14.3.08
Sobre natural
Quando assistimos a um filme que nos desperta algum sentimento, seja de medo, repulsa, alegria, vontade de rir ou de chorar, sabemos, de antemão, por que estamos nos emocionando, se por algo real, como no caso de um documentário, ou irreal, em caso de ficção. Isso não fica claro em “Jogo de cena”, último filme do conceituado e premiado cineasta Eduardo Coutinho, que não se enquadra facilmente em nenhuma das duas categorias. Não há enredo e as histórias contadas são reais, o que o classificaria como documentário, mas quem conta a história ora é uma atriz, como numa obra de ficção, ora é a própria protagonista. Foi eleito o melhor filme brasileiro de 2007 pela APCA (Associação Paulista dos Críticos de Arte).

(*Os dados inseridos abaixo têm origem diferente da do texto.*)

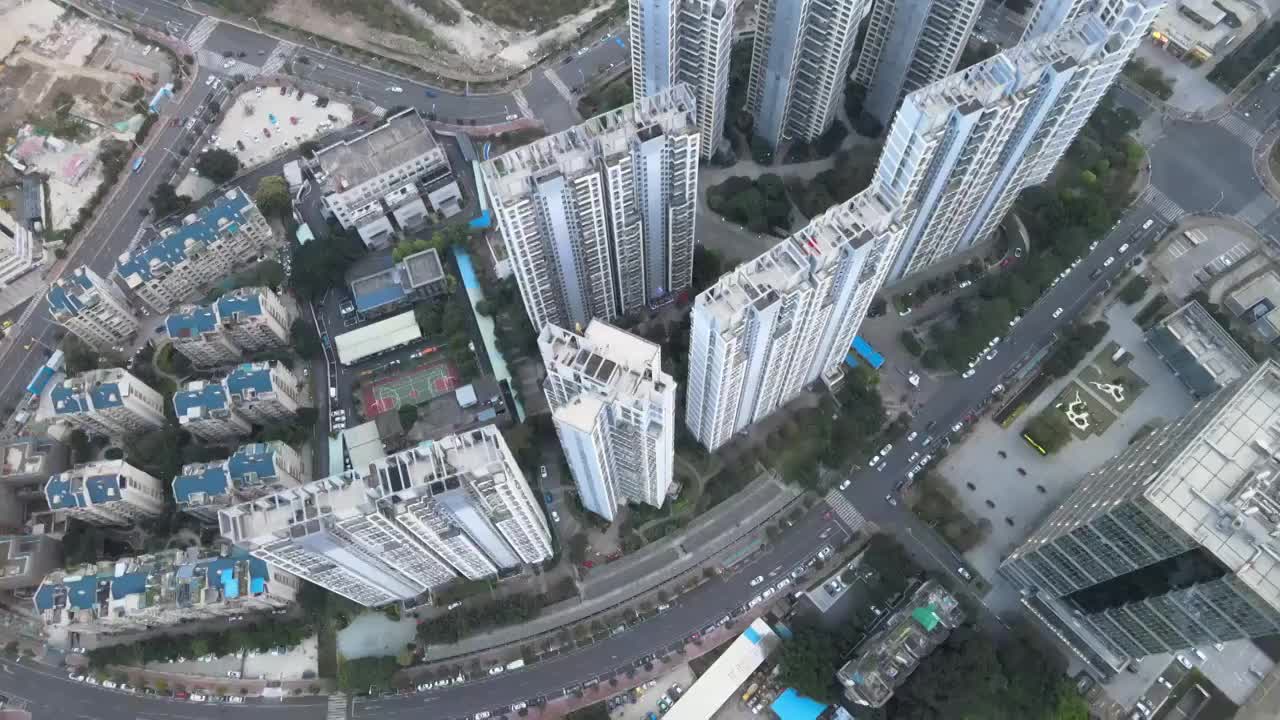 航拍福州闽江沿岸城市风光建筑视频素材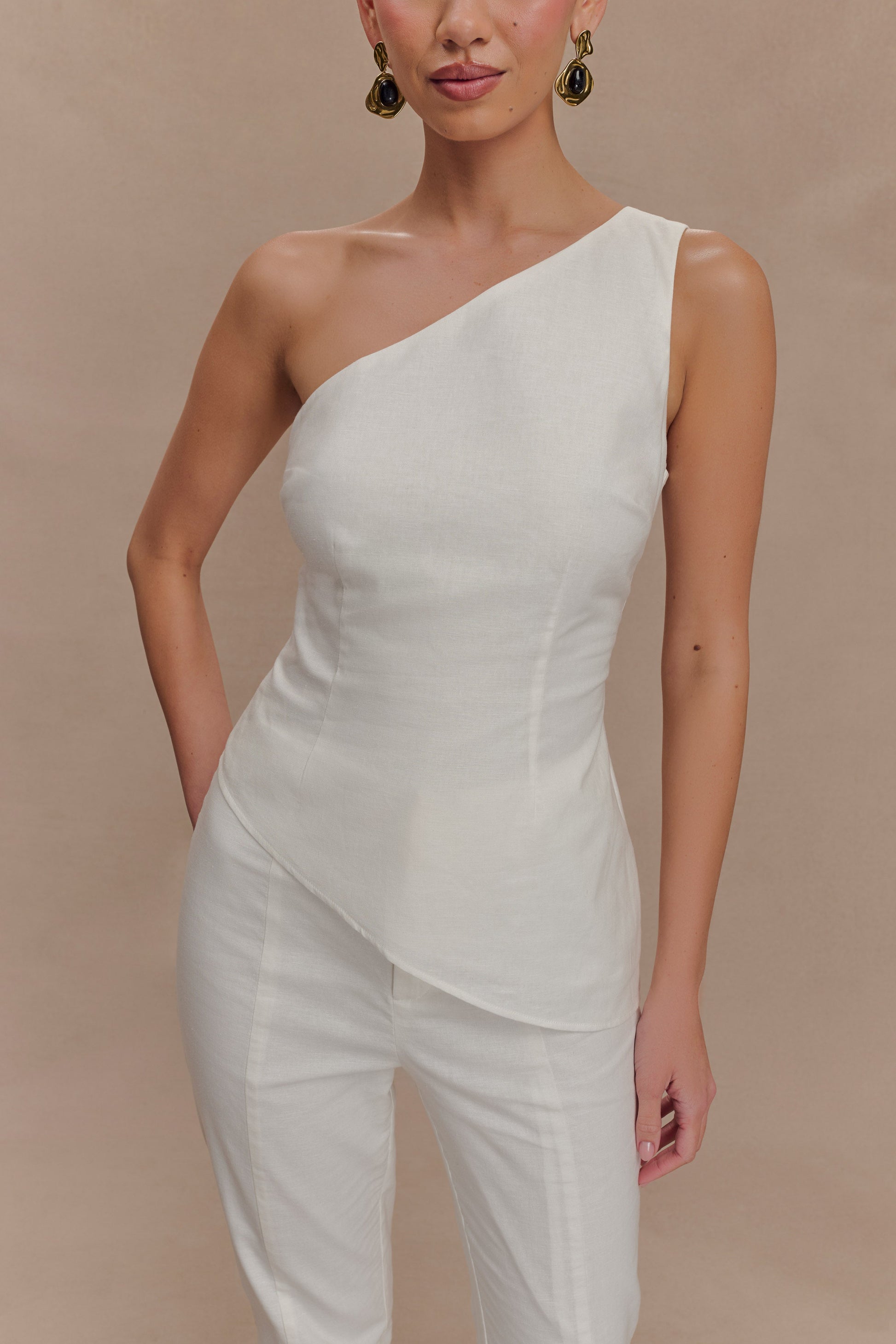 Dora Linen One Shoulder Top - Ivory #3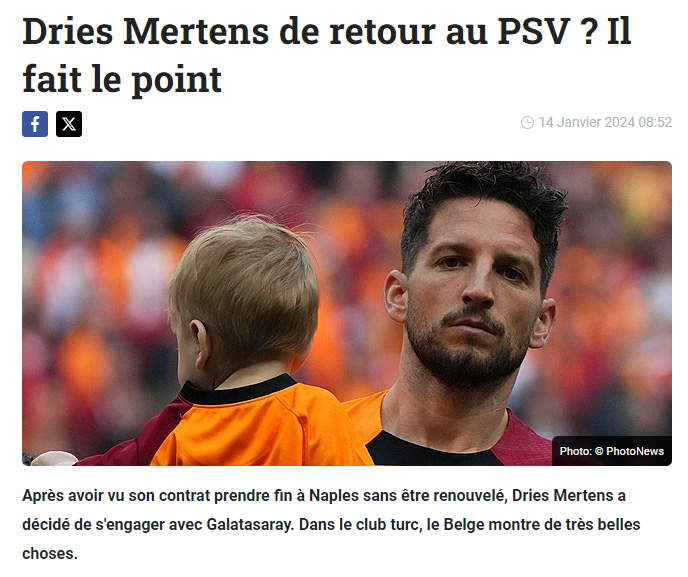 GALATASARAY HABERLERİ: Dries Mertens kendisi açıkladı! Transfer olacak mı?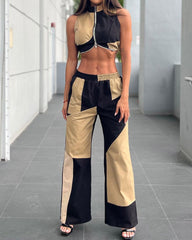 Irregular Color Block Zipper Crop Top & Wide Leg Pants Two-piece Set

O filme começa mostrando o anúncio que o diretor colocou em jornais e outdoors, convocando mulheres com histórias de vida interessantes para contar. Dos depoimentos colhidos, cerca de dez foram aproveitados. Um importante critério de escolha - até mais do que os próprios fatos narrados - foi, segundo Coutinho, a maneira como foram contados e que os tornou mais ou menos interessantes. Tal critério definiu, também, sua opção por entrevistar apenas mulheres, as quais, como ele explica, expõem-se mais e controlam menos seus sentimentos, em comparação com os homens. De fato, percebe-se bem a espontaneidade com que elas se portam diante da câmera, resultando em momentos engraçados e comoventes.
A princípio, temos a impressão de que o jogo é fácil e, arnaldocesarcoelhamente, sua regra é clara e perfeita: histórias de vida narradas por mulheres são intercaladas por interpretações de atrizes conhecidas, que repetem ou complementam seus depoimentos, com a única orientação de não imitar as depoentes, o que, do ponto de vista da atriz, se por um lado proporciona uma maior liberdade de interpretação, por outro tira a referência ou modelo a seguir.
Entre as atrizes, que também contam casos pessoais, estão Marília Pêra, Fernanda Torres e Andréa Beltrão, as quais, após suas participações, falam de suas dificuldades e impressões quanto ao resultado obtido, o que é bem sintetizado por Fernanda Torres, quando ela afirma que a diferença entre interpretar um personagem real e um fictício é que, com este, embora se possa atingir um bom grau de realidade, se você atinge um nível medíocre, pode se manter ali, porque ele é da sua medida, enquanto com aquele a realidade esfrega na sua cara até onde você poderia chegar e não chegou, pois existe alguém acabado na sua frente.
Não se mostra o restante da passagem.